● **Information given**:
::::
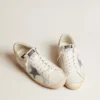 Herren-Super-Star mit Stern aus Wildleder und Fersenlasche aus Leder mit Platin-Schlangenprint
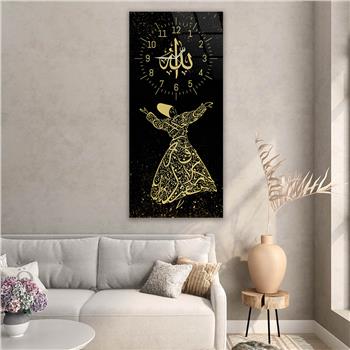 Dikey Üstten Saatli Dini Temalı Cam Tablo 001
::::
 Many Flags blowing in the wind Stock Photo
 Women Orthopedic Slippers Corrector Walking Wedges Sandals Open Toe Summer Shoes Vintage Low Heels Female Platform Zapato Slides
::::
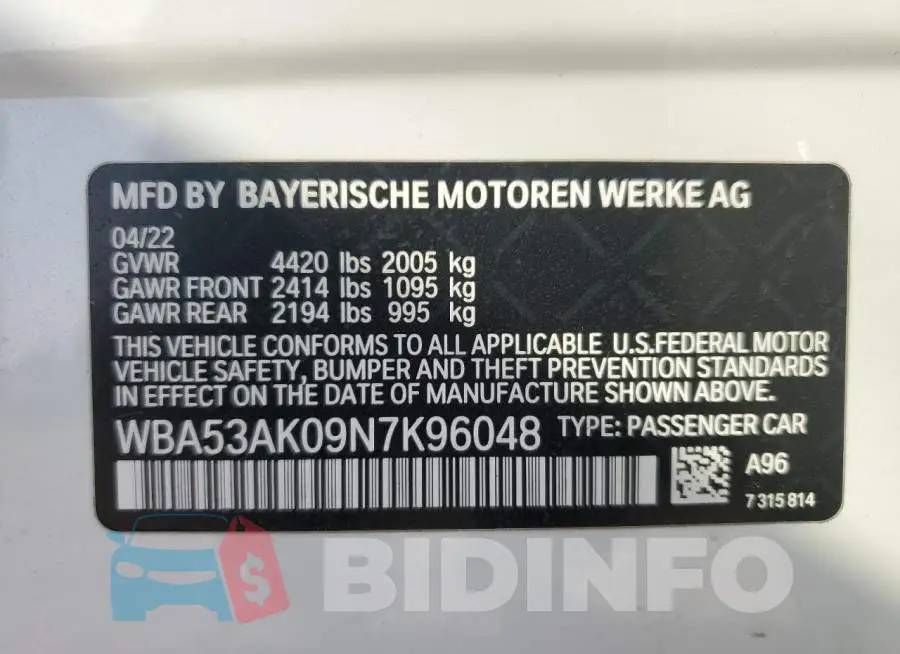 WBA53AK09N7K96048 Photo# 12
::::
● **Task**:
Above are records; write out the lines from the one with "Herren-Super-Star mit Stern" down to the one with "Dikey Üstten Saatli", exactly, leaving the pictures out.

● **Answer section**:
 Herren-Super-Star mit Stern aus Wildleder und Fersenlasche aus Leder mit Platin-Schlangenprint
 Dikey Üstten Saatli Dini Temalı Cam Tablo 001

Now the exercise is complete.